Secular Alliance plays preacher bingo with Brother Jed
The Secular Alliance at IU set up a table between Woodburn and Ballantine halls Wednesday with a sign that said, “Free Thought Day!”
Alongside their pamphlets describing atheism, agnosticism and free thinking, members of the SAIU hawked Brother Jed Bingo cards.
“I represent the Kingdom of God,” Brother Jed declared.
A shuffling crowd of students surrounded Brother Jed, smiling and giving each other quizzical looks. Some filmed with their phone cameras.

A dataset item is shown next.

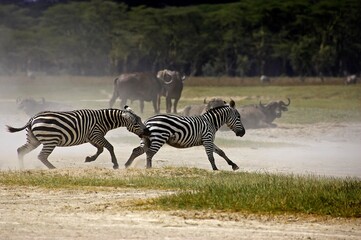 Grant's Zebra, equus burchelli boehmi, Adults at Nakuru Lake Park in Kenya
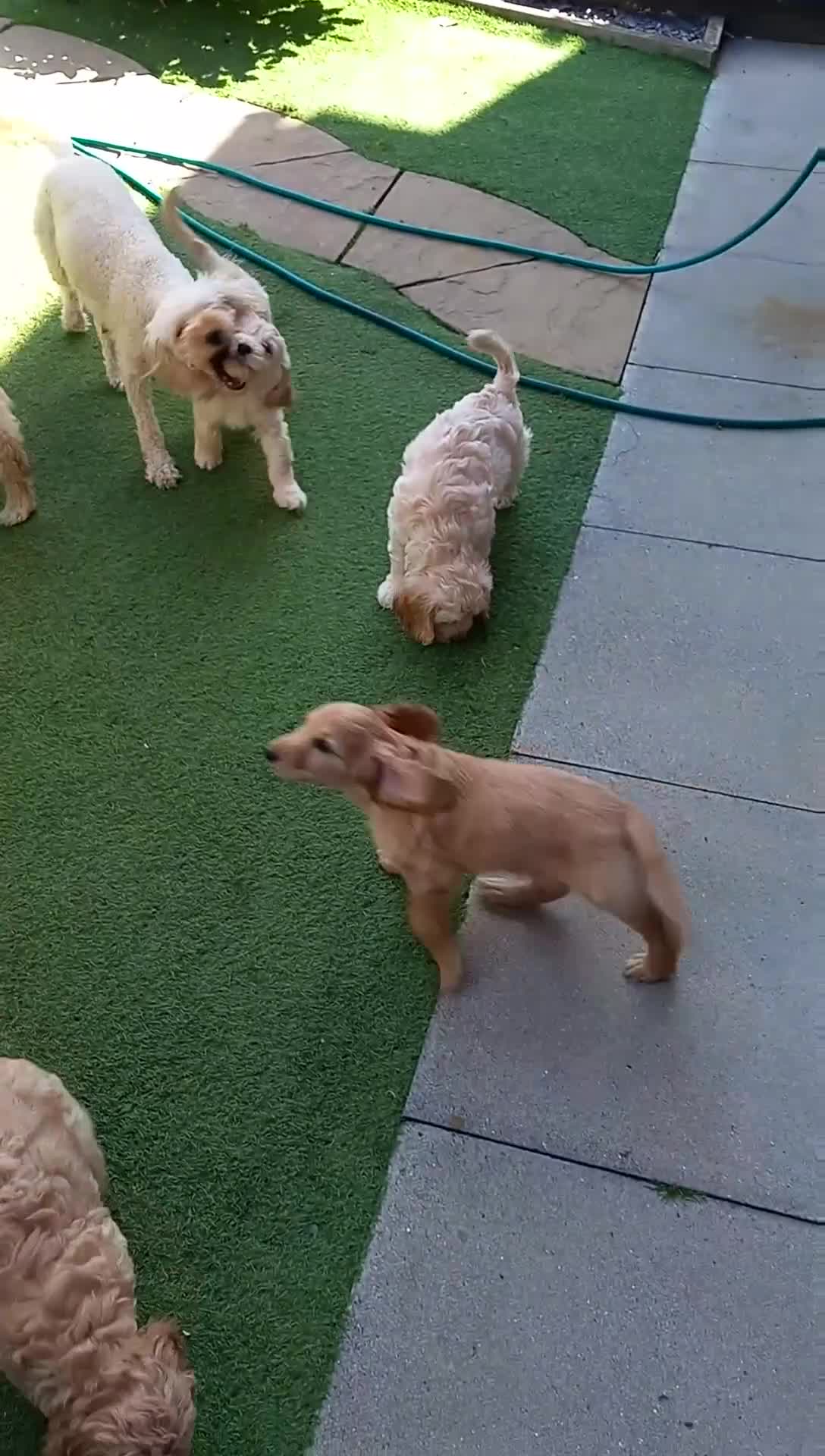 Cockapoo dogs for sale: Show class litter of 7 cockerpoo puppies - Video 1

Many shouted questions.
“How do I find a man who doesn’t masturbate?” one girl shouted.
The crowd buzzed with laughter, but Brother Jed plowed on.
“That’s a big problem here at IU,” Brother Jed answered.
“Masturbates!” someone yelled. “Mark your cards!”
Some spaces said “I used to be like you kids” and “Tells crowd to be quiet.”
The prizes for winning included a “Free Inquiry” or “Skeptical Inquiry” magazine, which could also be obtained by trading in copies of the New Testament the Gideons International handed out.
“He’s an adorable old man,” SAIU President Jessika Griffin said of Brother Jed. “And then he calls you a slut.”
Brother Jed has been a campus staple since the 1970s. He first began his preaching at the University of Missouri.
IU was one of the first places he preached, said Sister Cindy, Brother Jed’s wife.
The pair visits different campuses five days a week for five hours a day, Sister Cindy said.
While Brother Jed and SAIU did not purposefully seek to speak at the same place at the same time, the combination assisted the SAIU, Griffin said.
“Brother Jed is always a boom to our membership,” SAIU member Ian Cunningham said with a smile.
In spite of differing ideologies, crowd members never did more than verbally spar.
A man in a wheelchair held a sign that said, “I’m gay and God loves me!” and occasionally sang lines from songs about acceptance.
“I always come over here because it’s funny, and the reaction from the crowd is always good,” senior Brandon Nallenweg said.
Free Thought Day encouraged students to ask questions about their own beliefs, Griffin said. A poster on the SAIU table posed questions for students and encouraged them to write their own.
Cunningham at one point asked Jed if he wished to participate in Free Thought Day .
“If you are thinking clearly and logically, your thoughts will lead you to God,” Brother Jed said. “If you are an agnostic or atheist, you are not thinking clearly.”
Sister Cindy debated preaching techniques with Christian students. One student explained he believed that Brother Jed needed to use a more loving approach.
“I think most students know God loves them,” Sister Cindy said. “We’re here to teach students to fear God.”
She and Brother Jed are particularly hard on the “party animal lifestyle,” she said.
Overall, the day was a success, Griffin said.
“Brother Jed is good for Free Thought Day,” Cunningham said. “He makes everyone stop and think about religion.”